Our Child's Birth Was Miraculous

When my wife went into labor ten weeks early, our joy turned to terror. The doctors gave our child a zero chance of survival. The umbilical cord was around its neck, the lungs weren't developed, and the baby was upside down.

We prayed fervently to God. Against all odds, our child survived. The surgeons called him a “miracle baby.”

Today, that baby is a man, a husband, a father, and a grandfather.

The Torah portion, Tazria, speaks about the gratitude we owe God after childbirth.

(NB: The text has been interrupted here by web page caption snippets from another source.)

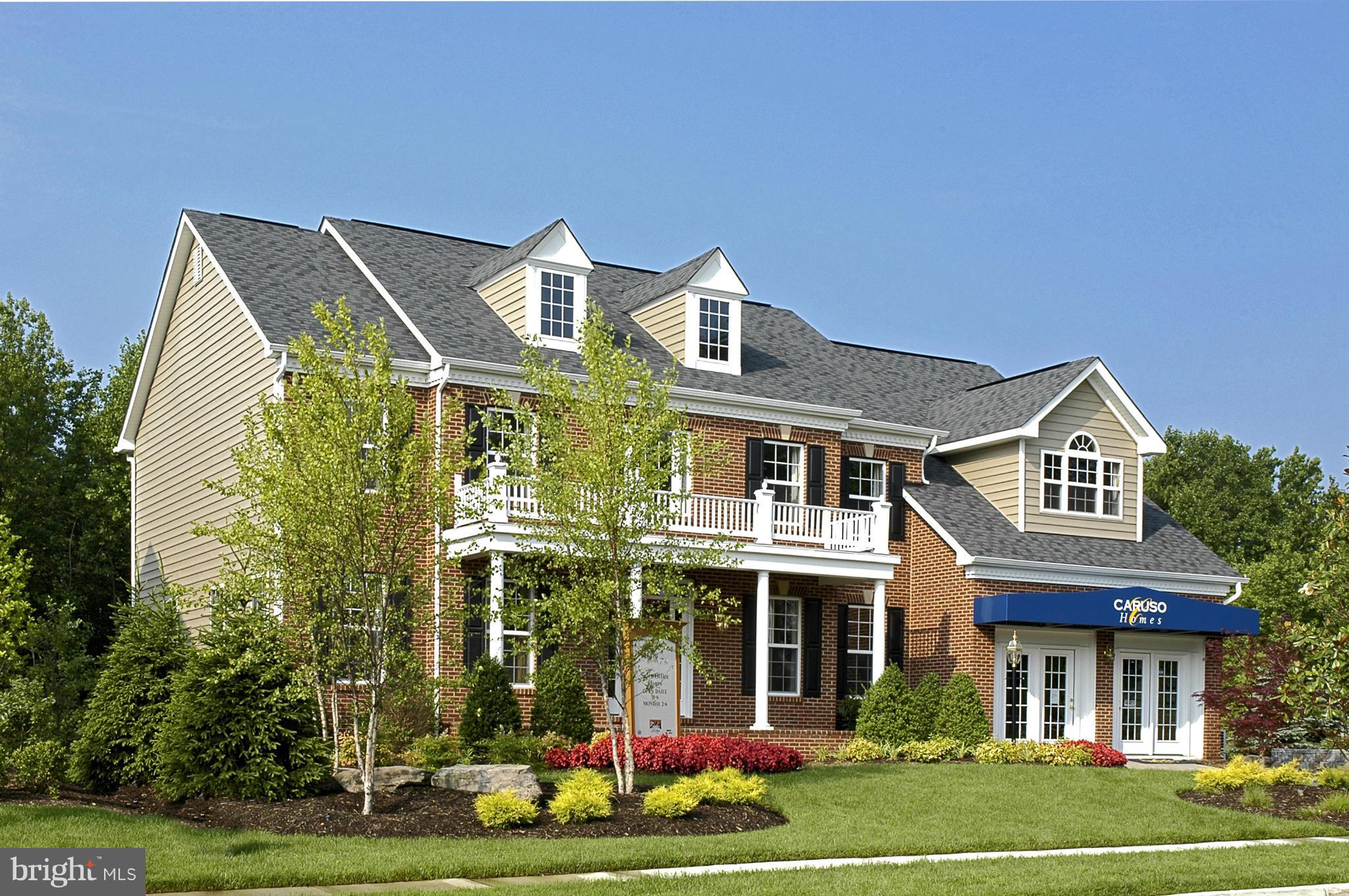 6601 Cork Tree Way Clinton, MD 20735 - Photo 2 of 19 Exterior (Front)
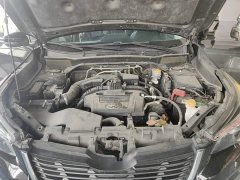 Subaru Outback 2.0i Luxury EyeSight - ფოტო 20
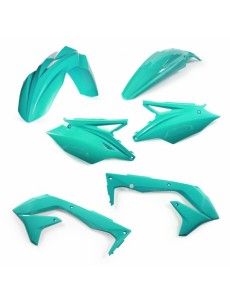 KIT PLÁSTICOS STANDART ACERBIS KAWASAKI KX-F 450 2018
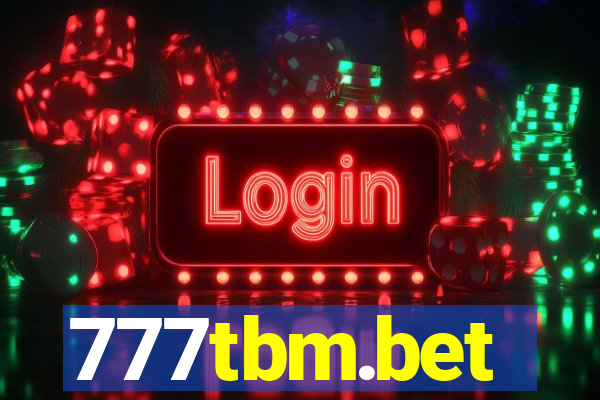 777tbm.bet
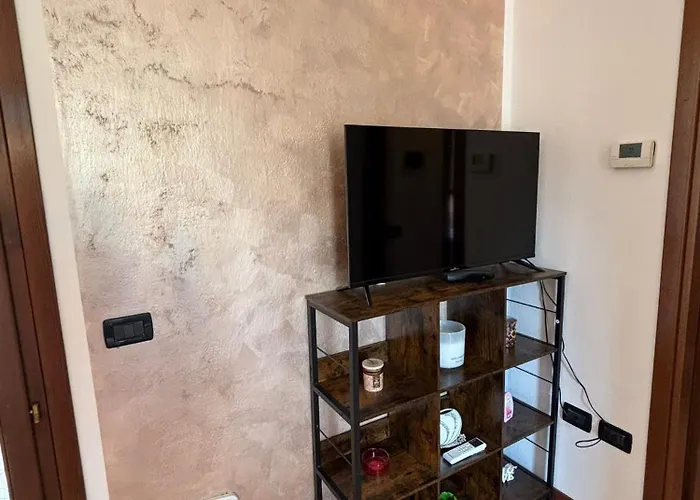 Apartament Laas Gardaland *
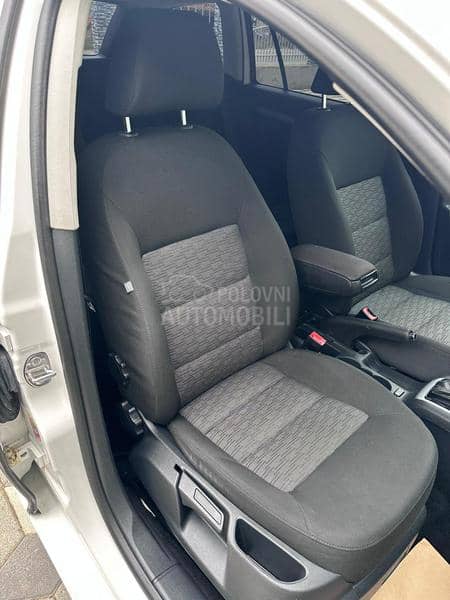Škoda Octavia 1.9tdi dsg CH Škoda Octavia 1.9tdi dsg CH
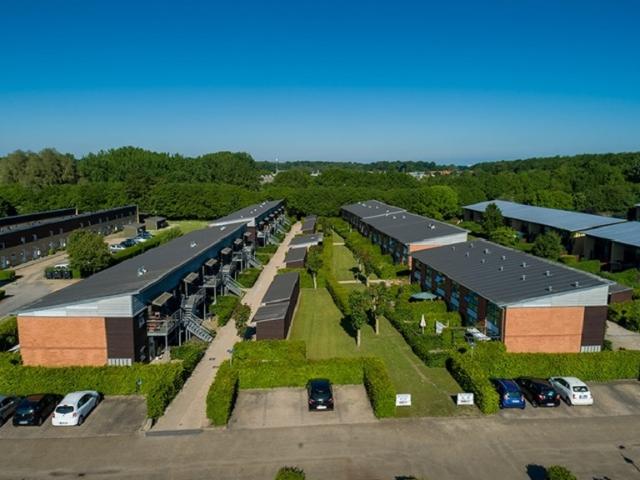 Lejlighed til leje i Odense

Having witnessed a real miracle, I feel compelled to address the so-called "miracle" used by missionaries who spend millions to target our people for conversion by claiming that Isaiah 7:14 predicts a miraculous virgin birth.

However, Christian Bibles mistranslate the Hebrew word Almah as “virgin” when it means a “young woman” who may or may not be a virgin.

Secondly, the grammar and context of Isaiah chapters 7 and 8 prove that Isaiah was speaking about his pregnant wife who would give birth to a baby centuries before Jesus.

The birth of Isaiah’s son would be a sign to Judean King Ahaz that invading armies would be defeated before the child grew to an age of basic understanding.

The baby was named Immanuel, meaning “God is with us,” because the victory was due to God’s support of the Jewish nation and not that a baby was God in the flesh, as missionaries falsely claim.

When biblical arguments fail, some missionaries resort to other deceptive tactics. Some claim that the rabbinic scholar Moshe haDarshan said the Messiah would have “no father.”

In truth, Moshe haDarshan explicitly wrote that the Messiah will descend from a human father from the tribe of Judah.  When he used the term “fatherless,” he was quoting a Midrash about being an orphan, like Queen Esther, whose parents had died.

These missionary arguments are misleading and false, exemplifying the saying “a text out of context is a pretext.”